What the task asks »
After the line containing "Industrial Waste Paper", write nothing more; before it, reproduce every line of the material below exactly, starting with the first.
▶
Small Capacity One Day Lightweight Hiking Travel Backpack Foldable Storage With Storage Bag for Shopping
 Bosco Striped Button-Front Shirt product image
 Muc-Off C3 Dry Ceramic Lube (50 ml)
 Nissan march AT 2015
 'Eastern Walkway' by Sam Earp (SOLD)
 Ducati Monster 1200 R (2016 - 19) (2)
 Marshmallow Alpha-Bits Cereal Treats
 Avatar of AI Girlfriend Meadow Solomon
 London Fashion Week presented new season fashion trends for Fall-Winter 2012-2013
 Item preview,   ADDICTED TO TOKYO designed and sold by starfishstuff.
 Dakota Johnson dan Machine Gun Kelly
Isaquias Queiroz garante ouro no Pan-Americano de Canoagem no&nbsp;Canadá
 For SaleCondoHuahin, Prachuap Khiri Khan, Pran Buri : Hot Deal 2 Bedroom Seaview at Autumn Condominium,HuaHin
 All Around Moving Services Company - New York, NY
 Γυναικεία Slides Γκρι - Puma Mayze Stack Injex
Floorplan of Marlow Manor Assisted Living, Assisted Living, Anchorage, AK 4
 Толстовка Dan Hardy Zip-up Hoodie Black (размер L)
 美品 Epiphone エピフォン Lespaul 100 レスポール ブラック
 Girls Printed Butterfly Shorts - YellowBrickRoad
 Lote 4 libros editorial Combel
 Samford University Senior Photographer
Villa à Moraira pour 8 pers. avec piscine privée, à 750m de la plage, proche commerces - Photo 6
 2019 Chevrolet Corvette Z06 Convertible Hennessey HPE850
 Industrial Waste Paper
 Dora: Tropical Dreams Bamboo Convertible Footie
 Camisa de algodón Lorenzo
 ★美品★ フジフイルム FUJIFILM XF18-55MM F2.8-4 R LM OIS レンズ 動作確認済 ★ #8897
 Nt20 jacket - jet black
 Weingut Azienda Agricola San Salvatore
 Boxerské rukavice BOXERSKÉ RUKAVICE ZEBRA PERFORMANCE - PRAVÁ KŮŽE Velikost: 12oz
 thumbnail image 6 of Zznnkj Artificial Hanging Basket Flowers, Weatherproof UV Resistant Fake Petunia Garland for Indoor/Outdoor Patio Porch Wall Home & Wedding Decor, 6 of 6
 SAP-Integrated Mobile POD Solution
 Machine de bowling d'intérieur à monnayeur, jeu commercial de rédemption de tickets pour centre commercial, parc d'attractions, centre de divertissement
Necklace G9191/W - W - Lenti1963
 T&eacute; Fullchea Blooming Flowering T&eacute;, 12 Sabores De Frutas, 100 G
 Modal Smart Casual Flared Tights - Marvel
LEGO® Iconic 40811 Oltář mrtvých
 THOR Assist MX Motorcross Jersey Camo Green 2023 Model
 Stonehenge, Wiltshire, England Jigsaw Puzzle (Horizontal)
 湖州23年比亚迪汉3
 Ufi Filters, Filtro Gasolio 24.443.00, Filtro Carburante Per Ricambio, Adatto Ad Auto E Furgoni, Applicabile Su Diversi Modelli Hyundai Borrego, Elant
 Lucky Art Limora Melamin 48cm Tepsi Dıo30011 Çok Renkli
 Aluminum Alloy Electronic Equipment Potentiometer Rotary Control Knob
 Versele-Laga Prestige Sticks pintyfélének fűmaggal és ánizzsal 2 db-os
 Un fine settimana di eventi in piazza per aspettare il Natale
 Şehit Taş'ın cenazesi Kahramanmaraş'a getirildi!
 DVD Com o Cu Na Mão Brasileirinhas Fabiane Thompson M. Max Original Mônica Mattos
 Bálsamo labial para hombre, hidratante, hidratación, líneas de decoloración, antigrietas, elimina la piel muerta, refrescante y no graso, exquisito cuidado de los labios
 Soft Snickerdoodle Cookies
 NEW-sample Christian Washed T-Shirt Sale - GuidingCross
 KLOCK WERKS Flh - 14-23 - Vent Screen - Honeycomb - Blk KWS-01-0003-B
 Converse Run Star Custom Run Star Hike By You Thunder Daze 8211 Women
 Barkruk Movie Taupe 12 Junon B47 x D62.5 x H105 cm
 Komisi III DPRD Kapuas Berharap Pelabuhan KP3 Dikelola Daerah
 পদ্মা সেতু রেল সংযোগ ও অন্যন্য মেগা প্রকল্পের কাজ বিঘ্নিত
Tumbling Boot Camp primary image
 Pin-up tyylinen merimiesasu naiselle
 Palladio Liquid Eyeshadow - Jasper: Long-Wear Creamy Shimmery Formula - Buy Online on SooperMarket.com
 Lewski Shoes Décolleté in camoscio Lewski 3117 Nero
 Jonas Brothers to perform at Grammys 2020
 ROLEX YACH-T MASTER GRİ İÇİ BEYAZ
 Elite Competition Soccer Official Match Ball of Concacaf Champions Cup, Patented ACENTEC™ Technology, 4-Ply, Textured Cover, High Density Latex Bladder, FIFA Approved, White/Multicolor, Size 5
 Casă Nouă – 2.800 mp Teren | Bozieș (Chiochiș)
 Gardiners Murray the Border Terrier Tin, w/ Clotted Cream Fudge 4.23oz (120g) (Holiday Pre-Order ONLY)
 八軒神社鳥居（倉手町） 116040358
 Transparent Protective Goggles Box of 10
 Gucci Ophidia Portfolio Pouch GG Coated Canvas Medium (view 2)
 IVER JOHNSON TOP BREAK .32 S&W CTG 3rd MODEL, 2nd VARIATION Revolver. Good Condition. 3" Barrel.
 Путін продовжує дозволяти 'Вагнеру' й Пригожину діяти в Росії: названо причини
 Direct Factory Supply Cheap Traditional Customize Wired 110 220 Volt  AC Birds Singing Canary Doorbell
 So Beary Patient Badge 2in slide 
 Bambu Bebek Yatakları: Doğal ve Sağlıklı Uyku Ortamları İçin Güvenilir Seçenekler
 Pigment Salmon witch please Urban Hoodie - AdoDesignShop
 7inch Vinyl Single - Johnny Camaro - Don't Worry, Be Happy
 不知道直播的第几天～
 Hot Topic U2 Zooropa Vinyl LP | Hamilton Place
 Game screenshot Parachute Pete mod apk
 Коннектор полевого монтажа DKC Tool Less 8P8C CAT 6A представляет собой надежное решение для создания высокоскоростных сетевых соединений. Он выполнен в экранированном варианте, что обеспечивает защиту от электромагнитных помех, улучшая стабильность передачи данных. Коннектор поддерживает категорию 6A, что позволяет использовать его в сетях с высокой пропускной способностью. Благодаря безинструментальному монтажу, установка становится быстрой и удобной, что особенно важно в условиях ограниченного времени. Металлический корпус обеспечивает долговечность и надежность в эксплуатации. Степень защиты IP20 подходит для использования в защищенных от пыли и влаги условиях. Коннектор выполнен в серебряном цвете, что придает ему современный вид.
◀
Task answer »
Small Capacity One Day Lightweight Hiking Travel Backpack Foldable Storage With Storage Bag for Shopping
 Bosco Striped Button-Front Shirt product image
 Muc-Off C3 Dry Ceramic Lube (50 ml)
 Nissan march AT 2015
 'Eastern Walkway' by Sam Earp (SOLD)
 Ducati Monster 1200 R (2016 - 19) (2)
 Marshmallow Alpha-Bits Cereal Treats
 Avatar of AI Girlfriend Meadow Solomon
 London Fashion Week presented new season fashion trends for Fall-Winter 2012-2013
 Item preview,   ADDICTED TO TOKYO designed and sold by starfishstuff.
 Dakota Johnson dan Machine Gun Kelly
Isaquias Queiroz garante ouro no Pan-Americano de Canoagem no&nbsp;Canadá
 For SaleCondoHuahin, Prachuap Khiri Khan, Pran Buri : Hot Deal 2 Bedroom Seaview at Autumn Condominium,HuaHin
 All Around Moving Services Company - New York, NY
 Γυναικεία Slides Γκρι - Puma Mayze Stack Injex
Floorplan of Marlow Manor Assisted Living, Assisted Living, Anchorage, AK 4
 Толстовка Dan Hardy Zip-up Hoodie Black (размер L)
 美品 Epiphone エピフォン Lespaul 100 レスポール ブラック
 Girls Printed Butterfly Shorts - YellowBrickRoad
 Lote 4 libros editorial Combel
 Samford University Senior Photographer
Villa à Moraira pour 8 pers. avec piscine privée, à 750m de la plage, proche commerces - Photo 6
 2019 Chevrolet Corvette Z06 Convertible Hennessey HPE850
 Industrial Waste Paper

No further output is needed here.